Source material section start

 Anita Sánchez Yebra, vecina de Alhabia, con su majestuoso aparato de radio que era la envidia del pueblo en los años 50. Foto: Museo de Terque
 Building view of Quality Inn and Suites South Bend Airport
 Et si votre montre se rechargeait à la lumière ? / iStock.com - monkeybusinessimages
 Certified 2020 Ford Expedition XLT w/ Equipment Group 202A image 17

Source material section end

*Exercise objective*: Copy out the data above, word for word.

*Response box*:
 Anita Sánchez Yebra, vecina de Alhabia, con su majestuoso aparato de radio que era la envidia del pueblo en los años 50. Foto: Museo de Terque
 Building view of Quality Inn and Suites South Bend Airport
 Et si votre montre se rechargeait à la lumière ? / iStock.com - monkeybusinessimages
 Certified 2020 Ford Expedition XLT w/ Equipment Group 202A image 17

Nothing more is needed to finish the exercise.